Frodo’s legs were short for his round body and he wobbled when he walked. His paws looked like fluffy snowshoes. As soon as he stepped off the throw rug onto the tile floor, he started sliding. His nails clicked on the tile as he skidded from rug to rug.
“Listen here, you nutty pupster,” said Frodo. “This is MY interview and you better behave or you won’t even get close to your afternoon carrot, I promise!”
That seemed to do the trick. Honey sat. Frodo picked up a yummy-looking chewy treat and began to munch it.
Now, then,” Frodo said, around the treat, “About ME! I was born in a New Jersey kennel 14 years ago. A lady bought me and I was all happy – for one day. Then she decided she didn’t want me after all and called a rescue group in Rockland County New York.”
“Wow,” I said. “That was harsh!”
“My Forever Mom was volunteering with the rescue group, and she got the call. She was gonna keep me overnight, then take me to the shelter. But I was an extremely adorable little pupster. She fell in love with me, and here I am.”

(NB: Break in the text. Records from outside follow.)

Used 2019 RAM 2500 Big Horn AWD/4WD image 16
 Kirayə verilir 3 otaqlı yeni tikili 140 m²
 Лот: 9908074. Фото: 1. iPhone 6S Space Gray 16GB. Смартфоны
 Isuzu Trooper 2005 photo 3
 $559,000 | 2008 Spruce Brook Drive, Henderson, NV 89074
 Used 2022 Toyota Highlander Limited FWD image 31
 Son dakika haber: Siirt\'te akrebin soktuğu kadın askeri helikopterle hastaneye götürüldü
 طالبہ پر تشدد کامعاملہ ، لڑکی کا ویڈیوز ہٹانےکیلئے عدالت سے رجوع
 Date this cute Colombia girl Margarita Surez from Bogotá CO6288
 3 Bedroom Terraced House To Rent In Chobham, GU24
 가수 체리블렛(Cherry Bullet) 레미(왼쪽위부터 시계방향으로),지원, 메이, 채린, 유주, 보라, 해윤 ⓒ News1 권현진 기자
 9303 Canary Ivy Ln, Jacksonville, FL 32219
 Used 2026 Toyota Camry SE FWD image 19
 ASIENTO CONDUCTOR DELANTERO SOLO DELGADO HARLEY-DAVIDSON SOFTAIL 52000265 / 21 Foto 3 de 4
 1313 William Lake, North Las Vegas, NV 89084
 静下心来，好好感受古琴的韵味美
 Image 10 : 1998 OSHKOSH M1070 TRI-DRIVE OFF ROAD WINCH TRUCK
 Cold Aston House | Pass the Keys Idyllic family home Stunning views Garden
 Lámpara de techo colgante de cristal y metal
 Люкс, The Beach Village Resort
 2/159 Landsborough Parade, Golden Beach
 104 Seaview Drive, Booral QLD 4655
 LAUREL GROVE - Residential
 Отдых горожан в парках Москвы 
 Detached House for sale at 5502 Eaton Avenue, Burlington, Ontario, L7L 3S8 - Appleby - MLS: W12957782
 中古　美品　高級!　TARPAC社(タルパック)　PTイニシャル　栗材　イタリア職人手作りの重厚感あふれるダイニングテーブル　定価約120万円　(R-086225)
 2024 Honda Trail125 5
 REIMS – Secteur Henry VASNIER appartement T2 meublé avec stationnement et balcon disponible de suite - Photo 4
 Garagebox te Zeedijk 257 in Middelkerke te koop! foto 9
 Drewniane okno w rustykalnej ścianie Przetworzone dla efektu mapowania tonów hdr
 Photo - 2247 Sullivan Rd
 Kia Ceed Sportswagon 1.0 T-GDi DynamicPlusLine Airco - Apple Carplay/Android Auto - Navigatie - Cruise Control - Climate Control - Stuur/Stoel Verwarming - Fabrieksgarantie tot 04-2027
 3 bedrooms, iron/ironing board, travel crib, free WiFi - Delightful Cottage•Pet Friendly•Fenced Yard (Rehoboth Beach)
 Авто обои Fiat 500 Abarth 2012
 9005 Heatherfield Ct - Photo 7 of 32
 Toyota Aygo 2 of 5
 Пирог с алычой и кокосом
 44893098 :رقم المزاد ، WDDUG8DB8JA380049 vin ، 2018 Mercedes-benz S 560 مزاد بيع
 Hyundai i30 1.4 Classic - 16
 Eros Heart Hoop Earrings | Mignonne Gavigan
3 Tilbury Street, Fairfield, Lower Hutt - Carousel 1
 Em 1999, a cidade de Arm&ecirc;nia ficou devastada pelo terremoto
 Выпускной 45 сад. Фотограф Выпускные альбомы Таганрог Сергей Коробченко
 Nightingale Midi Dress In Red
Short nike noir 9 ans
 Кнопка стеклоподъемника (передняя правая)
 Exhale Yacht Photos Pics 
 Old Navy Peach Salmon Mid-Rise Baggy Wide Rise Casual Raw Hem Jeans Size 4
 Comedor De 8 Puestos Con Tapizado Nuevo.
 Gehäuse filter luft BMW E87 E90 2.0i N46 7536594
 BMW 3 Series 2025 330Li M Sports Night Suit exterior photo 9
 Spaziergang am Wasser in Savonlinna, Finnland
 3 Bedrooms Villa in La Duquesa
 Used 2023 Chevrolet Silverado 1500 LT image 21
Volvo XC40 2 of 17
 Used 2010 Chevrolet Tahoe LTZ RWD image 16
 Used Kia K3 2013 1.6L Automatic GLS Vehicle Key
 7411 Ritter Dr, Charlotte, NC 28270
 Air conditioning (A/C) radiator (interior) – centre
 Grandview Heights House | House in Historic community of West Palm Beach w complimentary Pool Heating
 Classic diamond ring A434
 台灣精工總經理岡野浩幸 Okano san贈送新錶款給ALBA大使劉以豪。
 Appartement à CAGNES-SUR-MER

“When did you come to Florida?” I inquired.
“Eleven years ago. We have a nice back yard for pottying and playing and chasing squirrels. We can sleep on Mom’s bed and, when Mom’s at work, Honey’s in her own big room, and I get the rest of the house. Our groomer comes every six weeks.”
“Sweet!” I said.
“Totes! To tell you the truth, we rule the roost. We have Mom trained really well. We get treats before and after we go out to potty, and lots of other times, too, for no reason. If I chew up my treat, I just keep barking till Mom gets me another one. Chewing treats is my favorite thing to do. I live for it. Mom is really firm about one thing, though. Baths. We don’t like ‘em at all but she does it anyway. But, after that, we get lots of treats. Anyhow, I can’t run around like I used to because I have ISSUES with my hind legs.”
I had noticed he walked sort of funny. “What’s the problem?”
“I’m thinking arthritis. Got so bad I couldn’t use my hind legs at all. Finally, mom took me to a chiropractor.”
“Are you woofin’ me?” I said.
“No, really. Dr. Bartcus, in Vero. He does people stuff during the day, and dog stuff at night. It only took a couple of sessions and I felt much better.”
”Amazing. How do you and Honey get along? You seem so different.”
“True. I’m a pretty laid-back pooch. At first, Honey was a pain in my tail. But now we’re cool. I protect her from those goofballs at the park and she doesn’t jump on me anymore. Or eat my food. We’re a happy family.”
“Great woofing with you,” I told him, getting up to leave.
“My pleasure Bonzo,” he said, and settled back down with his chew.